I have a docker image containing a puppeteer web scraper. It works perfectly in my local machine when I build and run it. It also build fine in cloud build, deploys to cloud run and starts the http server. However, when I run one of the cron jobs dealing with a puppeteer instance, it times out with this error message:
(node:13) UnhandledPromiseRejectionWarning: TimeoutError: Timed out after 30000 ms while trying to connect to Chrome! The only Chrome revision guaranteed to work is r706915
Full log:
A 2019-12-03T15:12:27.748625Z (node:13) UnhandledPromiseRejectionWarning: TimeoutError: Timed out after 30000 ms while trying to connect to Chrome!
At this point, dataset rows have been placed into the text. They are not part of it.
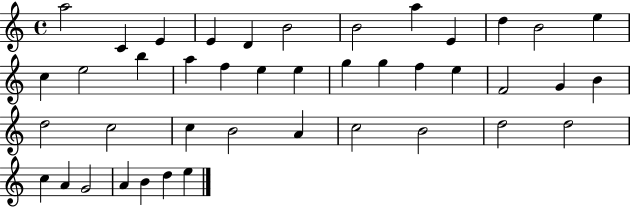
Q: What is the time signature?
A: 4/4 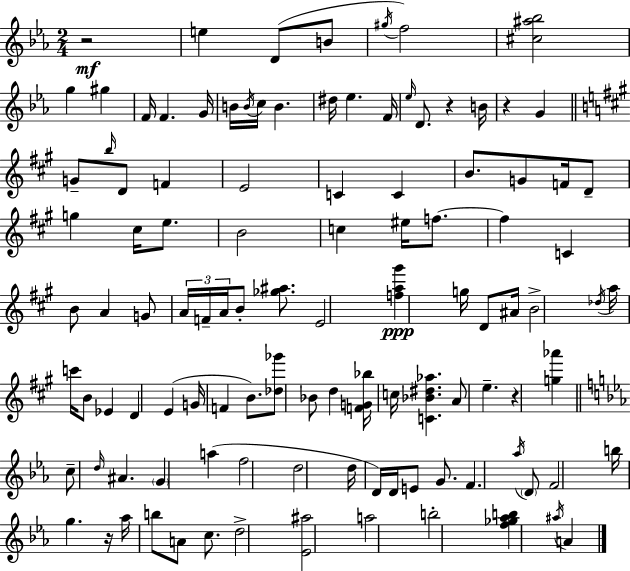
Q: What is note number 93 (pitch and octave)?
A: B5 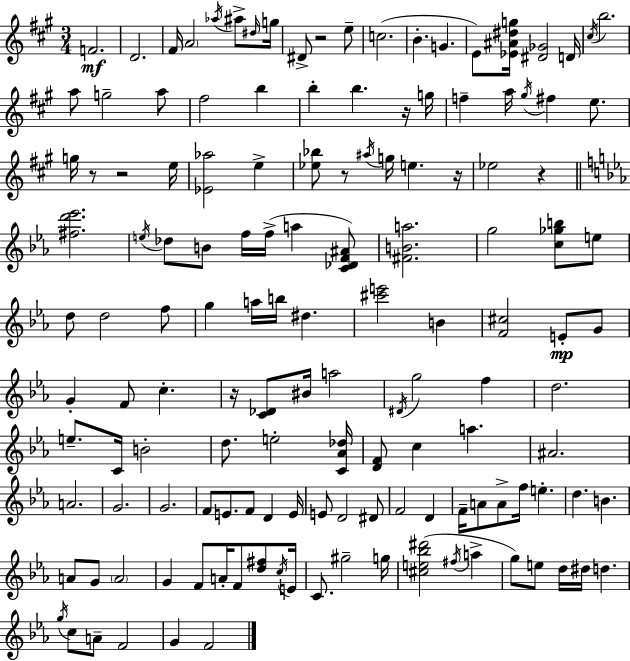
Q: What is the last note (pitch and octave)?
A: F4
The only Chrome revision guaranteed to work is r706915
A 2019-12-03T15:12:27.748692Z at Timeout.onTimeout (/node_modules/puppeteer/lib/Launcher.js:359:14)
A 2019-12-03T15:12:27.748705Z at ontimeout (timers.js:436:11)
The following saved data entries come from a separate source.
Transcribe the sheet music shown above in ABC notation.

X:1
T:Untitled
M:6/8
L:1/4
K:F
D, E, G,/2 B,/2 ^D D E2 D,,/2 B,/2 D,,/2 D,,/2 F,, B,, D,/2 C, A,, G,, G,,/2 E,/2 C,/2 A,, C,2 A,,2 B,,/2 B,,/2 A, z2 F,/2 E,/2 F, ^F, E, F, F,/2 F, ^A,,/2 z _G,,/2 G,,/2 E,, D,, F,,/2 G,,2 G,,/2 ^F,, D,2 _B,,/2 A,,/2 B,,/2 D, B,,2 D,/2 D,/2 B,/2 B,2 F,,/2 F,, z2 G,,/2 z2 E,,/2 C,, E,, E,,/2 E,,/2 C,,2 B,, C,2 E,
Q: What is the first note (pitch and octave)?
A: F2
A 2019-12-03T15:12:27.748716Z at tryOnTimeout (timers.js:300:5)
A 2019-12-03T15:12:27.748726Z at listOnTimeout (timers.js:263:5)
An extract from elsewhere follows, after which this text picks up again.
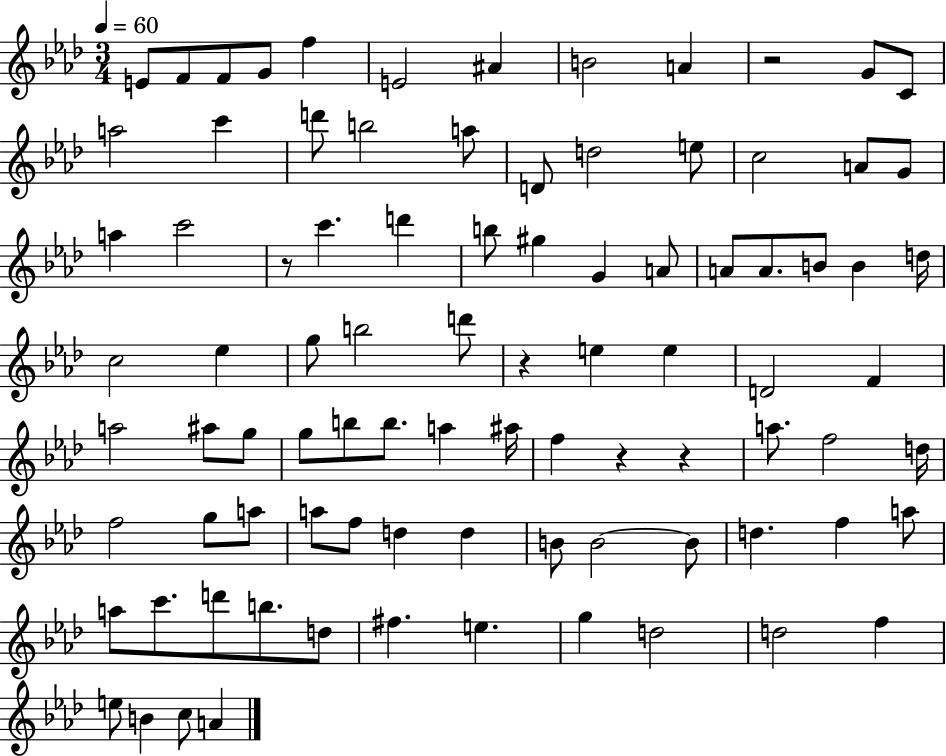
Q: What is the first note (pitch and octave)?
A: E4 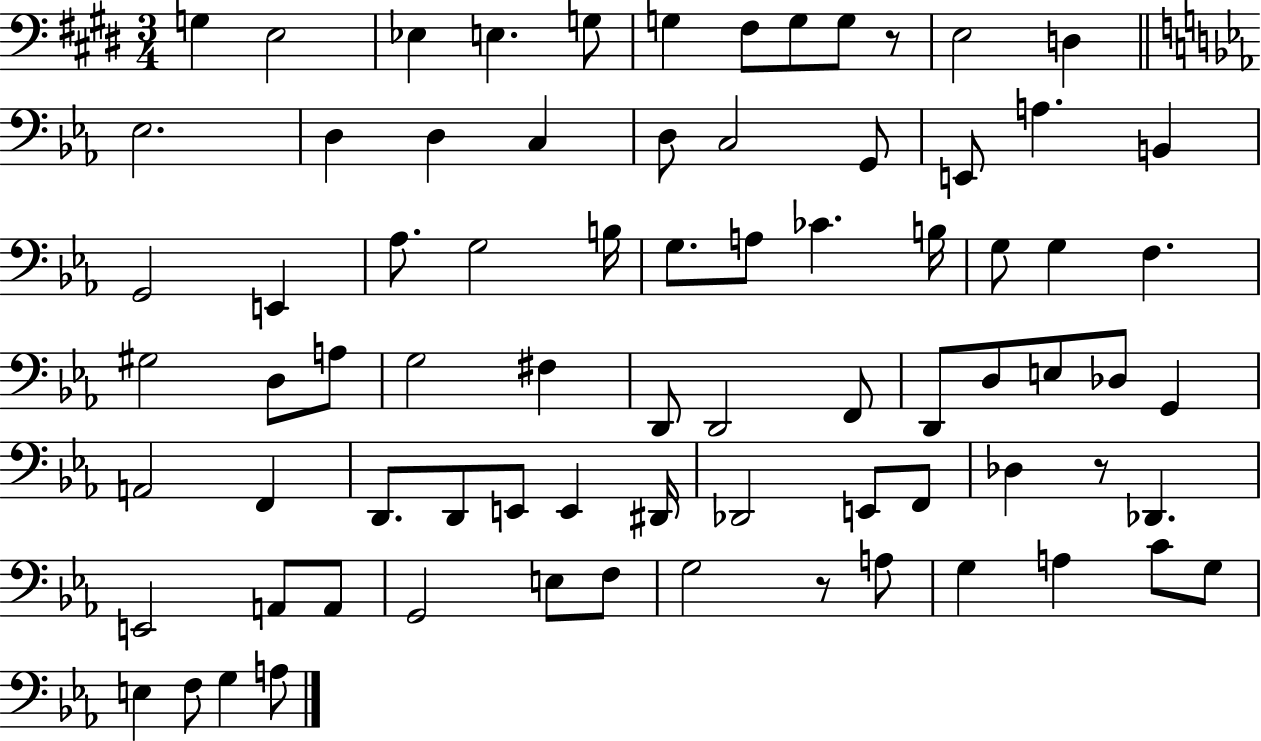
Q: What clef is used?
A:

A 2019-12-03T15:12:27.748734Z at Timer.processTimers (timers.js:223:10)
This error happens directly on the puppeteer puppeteer.launch()
function.
I have tried to increase memory in the instance, different dockerfile setups (all from googling), different puppeteer instance arguments and try catching in prod.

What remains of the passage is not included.